I've yet to try my hand at sourdough, was talking with my wife this morning about starting one though.

The weather forecast for this week is in the 70's to 80's, thought that might be warm enough to get a starter going.

Best to you,

Anthony


----------



## okbrewer (Nov 26, 2007)

Anthony! I've not tried that with the lees before! Do you make a sponge or poolish from that or just make a dough? I have made many a loaf using homebrewed beer in place of the water. I also make 'spent-grain' bread putting some of the mashed grains from the beer making in the bread. Depending on how textured you like your bread, a cup or a little more of spent grains works nicely!

When I make a sourdough starter I use equal parts flour and water to make a thin slurry, let it sit in the kitchen covered with a muslin cloth (I put mine above the oven) and let the wild yeast do their thing.
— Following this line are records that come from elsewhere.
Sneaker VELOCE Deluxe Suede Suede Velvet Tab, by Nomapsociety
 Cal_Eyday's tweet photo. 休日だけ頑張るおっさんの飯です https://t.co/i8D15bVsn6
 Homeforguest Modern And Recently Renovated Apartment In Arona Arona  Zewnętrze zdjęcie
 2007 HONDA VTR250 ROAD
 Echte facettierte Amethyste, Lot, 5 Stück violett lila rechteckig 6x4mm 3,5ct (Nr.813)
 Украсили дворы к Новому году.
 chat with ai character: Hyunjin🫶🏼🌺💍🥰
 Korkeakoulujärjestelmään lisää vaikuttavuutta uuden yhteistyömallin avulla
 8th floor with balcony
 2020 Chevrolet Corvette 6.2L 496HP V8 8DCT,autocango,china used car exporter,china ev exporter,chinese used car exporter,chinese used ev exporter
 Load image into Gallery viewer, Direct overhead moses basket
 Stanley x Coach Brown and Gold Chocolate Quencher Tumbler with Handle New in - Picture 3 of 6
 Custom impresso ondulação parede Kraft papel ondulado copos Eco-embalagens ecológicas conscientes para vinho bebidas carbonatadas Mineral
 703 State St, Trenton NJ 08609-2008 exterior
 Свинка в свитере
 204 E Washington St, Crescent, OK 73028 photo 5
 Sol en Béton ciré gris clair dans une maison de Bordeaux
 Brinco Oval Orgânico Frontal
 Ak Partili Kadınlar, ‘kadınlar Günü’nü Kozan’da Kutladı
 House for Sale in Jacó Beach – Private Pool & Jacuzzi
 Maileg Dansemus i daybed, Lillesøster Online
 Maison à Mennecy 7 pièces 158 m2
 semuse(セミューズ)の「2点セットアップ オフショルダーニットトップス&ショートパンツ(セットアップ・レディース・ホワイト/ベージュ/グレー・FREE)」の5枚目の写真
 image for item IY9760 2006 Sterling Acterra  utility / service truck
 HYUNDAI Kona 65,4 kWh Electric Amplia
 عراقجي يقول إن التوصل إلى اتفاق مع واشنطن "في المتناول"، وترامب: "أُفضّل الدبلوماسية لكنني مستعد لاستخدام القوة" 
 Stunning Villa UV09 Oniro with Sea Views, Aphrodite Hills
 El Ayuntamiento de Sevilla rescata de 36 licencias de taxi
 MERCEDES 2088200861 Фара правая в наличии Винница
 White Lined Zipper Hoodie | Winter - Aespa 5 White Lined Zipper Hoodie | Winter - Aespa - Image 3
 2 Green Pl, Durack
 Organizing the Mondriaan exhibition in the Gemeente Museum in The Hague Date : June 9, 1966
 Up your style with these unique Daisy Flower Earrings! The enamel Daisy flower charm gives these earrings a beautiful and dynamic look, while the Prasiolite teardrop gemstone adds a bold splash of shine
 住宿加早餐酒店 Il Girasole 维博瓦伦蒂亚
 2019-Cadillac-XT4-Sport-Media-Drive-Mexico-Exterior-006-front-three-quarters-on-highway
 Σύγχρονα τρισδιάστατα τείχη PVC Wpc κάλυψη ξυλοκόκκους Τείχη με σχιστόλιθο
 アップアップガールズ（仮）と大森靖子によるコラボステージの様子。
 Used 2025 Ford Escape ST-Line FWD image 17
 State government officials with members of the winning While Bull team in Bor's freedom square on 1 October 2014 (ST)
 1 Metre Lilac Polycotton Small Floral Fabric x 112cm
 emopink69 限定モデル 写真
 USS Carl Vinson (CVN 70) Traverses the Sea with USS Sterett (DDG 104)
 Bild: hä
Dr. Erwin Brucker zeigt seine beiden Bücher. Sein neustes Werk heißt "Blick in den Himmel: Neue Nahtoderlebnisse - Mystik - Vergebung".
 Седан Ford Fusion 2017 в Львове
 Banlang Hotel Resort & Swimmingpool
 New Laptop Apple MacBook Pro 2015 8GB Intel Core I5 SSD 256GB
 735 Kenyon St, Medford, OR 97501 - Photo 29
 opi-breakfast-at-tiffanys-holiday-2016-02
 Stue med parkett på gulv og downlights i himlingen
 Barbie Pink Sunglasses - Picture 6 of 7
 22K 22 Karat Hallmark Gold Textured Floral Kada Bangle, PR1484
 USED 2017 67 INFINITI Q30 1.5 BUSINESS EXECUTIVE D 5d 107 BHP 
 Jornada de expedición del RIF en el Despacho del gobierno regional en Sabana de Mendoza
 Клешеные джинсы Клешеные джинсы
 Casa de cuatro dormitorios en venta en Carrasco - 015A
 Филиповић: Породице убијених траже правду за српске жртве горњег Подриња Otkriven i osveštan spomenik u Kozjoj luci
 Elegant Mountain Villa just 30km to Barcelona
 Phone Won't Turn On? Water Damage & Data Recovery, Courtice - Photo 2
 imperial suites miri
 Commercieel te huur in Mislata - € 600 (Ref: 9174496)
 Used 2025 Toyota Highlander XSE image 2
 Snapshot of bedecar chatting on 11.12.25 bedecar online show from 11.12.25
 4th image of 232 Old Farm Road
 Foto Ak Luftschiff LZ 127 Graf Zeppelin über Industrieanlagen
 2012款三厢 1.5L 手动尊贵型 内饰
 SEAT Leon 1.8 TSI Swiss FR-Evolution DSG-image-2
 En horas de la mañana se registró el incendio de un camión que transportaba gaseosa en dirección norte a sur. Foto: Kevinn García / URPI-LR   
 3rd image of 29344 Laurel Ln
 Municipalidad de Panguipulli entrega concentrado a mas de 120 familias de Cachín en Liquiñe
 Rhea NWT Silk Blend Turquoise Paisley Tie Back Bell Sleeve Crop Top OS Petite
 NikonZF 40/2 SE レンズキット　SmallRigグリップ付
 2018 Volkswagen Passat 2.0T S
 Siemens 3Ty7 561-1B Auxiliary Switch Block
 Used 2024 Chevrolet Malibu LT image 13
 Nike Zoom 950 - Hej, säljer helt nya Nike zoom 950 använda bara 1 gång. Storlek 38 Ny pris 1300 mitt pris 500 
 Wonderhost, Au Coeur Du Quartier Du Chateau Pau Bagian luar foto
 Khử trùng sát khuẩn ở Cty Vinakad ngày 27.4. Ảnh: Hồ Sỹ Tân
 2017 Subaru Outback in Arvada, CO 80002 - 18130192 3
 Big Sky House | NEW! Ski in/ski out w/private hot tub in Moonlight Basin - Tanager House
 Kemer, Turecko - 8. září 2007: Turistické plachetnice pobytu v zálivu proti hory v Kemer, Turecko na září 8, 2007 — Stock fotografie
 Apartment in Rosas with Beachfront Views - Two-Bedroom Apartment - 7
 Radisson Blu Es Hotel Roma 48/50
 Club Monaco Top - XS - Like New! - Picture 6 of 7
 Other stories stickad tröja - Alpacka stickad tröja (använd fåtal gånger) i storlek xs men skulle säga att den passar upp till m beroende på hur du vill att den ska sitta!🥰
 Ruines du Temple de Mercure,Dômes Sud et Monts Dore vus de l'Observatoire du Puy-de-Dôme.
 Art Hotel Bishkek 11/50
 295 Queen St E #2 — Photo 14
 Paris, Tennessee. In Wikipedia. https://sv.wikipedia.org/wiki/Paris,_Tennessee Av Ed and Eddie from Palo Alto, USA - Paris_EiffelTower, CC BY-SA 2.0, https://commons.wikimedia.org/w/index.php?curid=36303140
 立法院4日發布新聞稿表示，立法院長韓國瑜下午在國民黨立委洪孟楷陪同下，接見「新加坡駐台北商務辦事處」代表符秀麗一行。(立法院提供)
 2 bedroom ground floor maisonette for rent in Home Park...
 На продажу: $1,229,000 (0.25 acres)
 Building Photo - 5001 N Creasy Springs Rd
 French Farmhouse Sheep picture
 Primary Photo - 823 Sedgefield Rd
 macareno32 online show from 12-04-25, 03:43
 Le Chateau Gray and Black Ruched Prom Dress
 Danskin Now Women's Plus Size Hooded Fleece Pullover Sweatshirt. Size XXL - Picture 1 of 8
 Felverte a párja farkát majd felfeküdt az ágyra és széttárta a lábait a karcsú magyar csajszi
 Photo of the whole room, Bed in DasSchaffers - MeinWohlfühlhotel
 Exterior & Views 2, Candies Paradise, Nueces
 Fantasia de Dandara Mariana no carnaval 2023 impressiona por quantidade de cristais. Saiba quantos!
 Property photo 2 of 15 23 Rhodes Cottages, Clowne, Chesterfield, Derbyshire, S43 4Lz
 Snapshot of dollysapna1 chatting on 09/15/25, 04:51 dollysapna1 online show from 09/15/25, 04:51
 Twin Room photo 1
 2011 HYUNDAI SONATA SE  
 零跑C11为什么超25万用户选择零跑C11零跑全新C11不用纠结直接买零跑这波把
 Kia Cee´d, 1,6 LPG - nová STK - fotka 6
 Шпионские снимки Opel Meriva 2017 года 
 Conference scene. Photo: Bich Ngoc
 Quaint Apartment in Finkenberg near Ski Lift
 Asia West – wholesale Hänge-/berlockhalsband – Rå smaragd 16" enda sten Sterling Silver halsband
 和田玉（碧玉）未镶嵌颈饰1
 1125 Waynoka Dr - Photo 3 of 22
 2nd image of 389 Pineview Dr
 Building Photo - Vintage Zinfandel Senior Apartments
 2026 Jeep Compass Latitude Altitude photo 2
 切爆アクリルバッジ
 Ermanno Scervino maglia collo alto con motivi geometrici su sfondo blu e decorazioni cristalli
When I see yeastie activity I feed with more flour and might leave it out another day or so before I put it in the fridge. It is now a living thing, so it needs to be fed and taken care of! 

There are many sites that describe how to make a starter and Reinharts books all have a section on making a sourdough starter.

The yeast in my kitchen I guess are not too potent! I get just a slight hint of sourness, but I like it!

What kind of meads do you make? And Yes, I'm familiar with gotmead.com, though I haven't been there lately.

Bob R in OKC


----------



## Demented (Nov 7, 2006)

I’ve yet to make a sponge or starter, just use the lees and spillage as the liquid for the loaf.

Braggot has become what I do best, I make a Porter braggot that leaves beer drinkers staggering and mead makers weeping.

Finishes around 18% abv, with all the flavors you’d expect from a mature brew.

A number of my recipes are on gotmead in the brew log under the name dmntd.


----------